Kala itu Itqon mengatakan bahwa dirinya diundang kejaksaan agar bertemu dengan Bupati Faida untuk membicarakan kelanjutan nasib macetnya pembahasan rancangan APBD Jember 2020. Namun, Itqon menolak karena dalam forum resmi yang difasilitasi Pemprov Jawa Timur bertempat di kantor Bakorwil V Jember, justru Bupati Faida tidak mengambil keputusan.
“Saya tidak mau nanti (jika hadir ke kejaksaan) dianggap plin plan. Pas gimana DPRD dibilang masyarakat sudah masuk angin?,” tegas Itqon ketika itu.
Menurut Kustiono, indikasi kuat konspirasi karena dasar yang dipakai hanya berupa surat pengaduan dari pengacara bernama Mohamad Husni Thamrin melalui yayasan pendidikannya, tapi disisi lain yang bersangkutan pernah menjadi tim sukses Bupati Faida.
Bahkan, sedang menjadi kuasa hukum seorang warga bernama Slamet Mintoyo selaku penggugat DPRD ke pengadilan, serta perkara bagi orang dekat Bupati Faida seperti eks Kepala BPKAD Penny Artha Medya, maupun Camat Tanggul Muhamad Ghozali yang terlibat kampanye pencalonan jelang Pilkada untuk atasannya tersebut.
Kedua, adanya pertemuan di kejaksaan yang diinisiasi oleh Bupati Faida untuk mengundang Wakil Bupati KH Abdul Muqit Arief dengan melibatkan serta Kepala Seksi Perdata dan Tata Usaha Negara (Kasi Datun) yakni jaksa Agus Taufikurrahman, dosen Fakultas Hukum Universitas Jember Yusuf Adiwibowo, serta Pejabat Pemkab Jember seperti Yessiana Arifa, Yuliana Harimurti, Sri Laksmi, dan Deni Irawan pada Senin, tanggal 14 Desember 2020.
Pada waktu itu Pihak kejaksaan menyampaikan kepada media tujuan pertemuan adalah membahas masalah administrasi aset dan sejumlah perkara sengketa tanah antara Pemkab Jember dengan warga lantaran Bupati Faida segera berakhir masa jabatannya.
Namun kenyataannya, klarifikasi kejaksaan sangat kontras dengan fakta lain dari pengakuan Wabup Muqit.
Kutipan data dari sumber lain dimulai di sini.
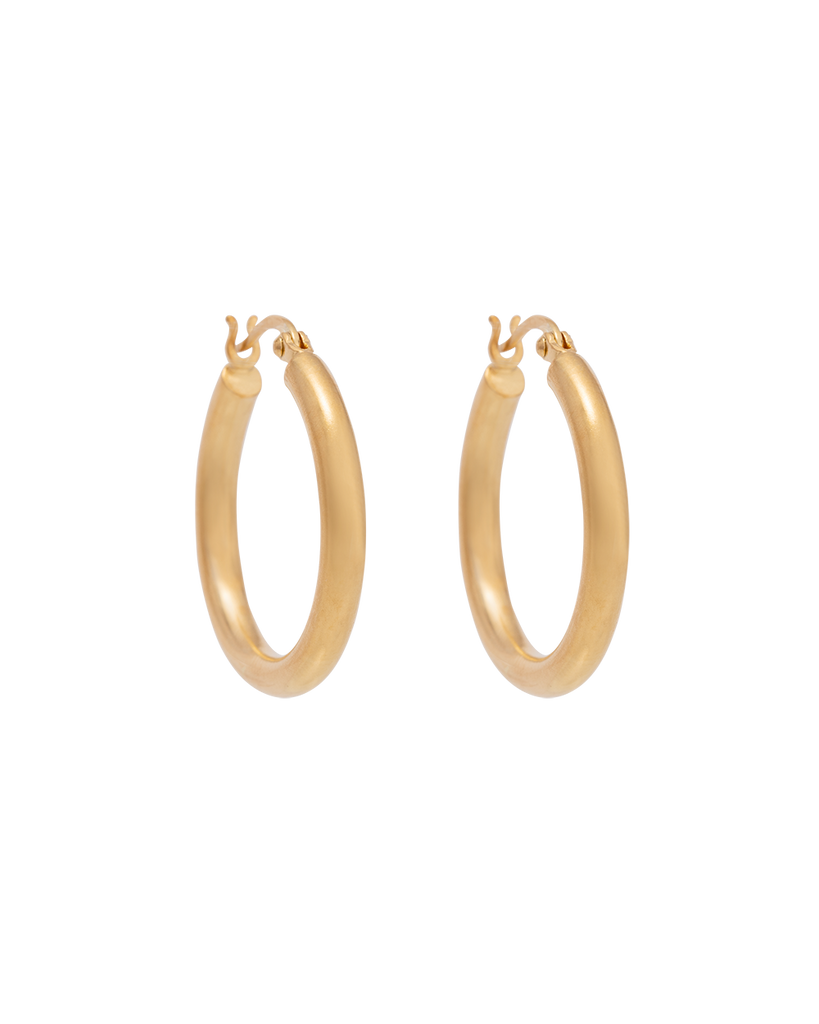 TIDAL HOOPS MEDIUM 18K GOLD PLATED KIRSTIN ASH Australia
Dirinya mengaku tidak kuat lagi menahan beban psikologis, sehingga ia nekat bicara terbuka blak-blakan pada Jum’at 16 Desember 2020.
Memang Wabup Muqit telah bercerita terbuka, seluruh pembicaraan di ruang kejaksaan justru mengarah pada tujuan untuk menyalahkan kebijakannya saat menjabat Plt Bupati Jember yang menindaklanjuti rekomendasi hasil pemeriksaan khusus Mendagri dan intruksi Gubernur Jawa Timur.
Dirinya Ditertawai Pejabat, Disalahkan Jaksa, dan Diancam Pidana’ dan beberapa laporan lainnya. “Di ruang kejaksaan terjadi intimidasi. Kami juga punya bukti chating-an dari Kasi Datun kepada Wabup Kiai Muqit yang tidak bisa jaksa mengelak tidak bicara tentang KSOTK (Kedudukan, Struktur, Organisasi, dan Tata Kerja),” tukas Kustiono.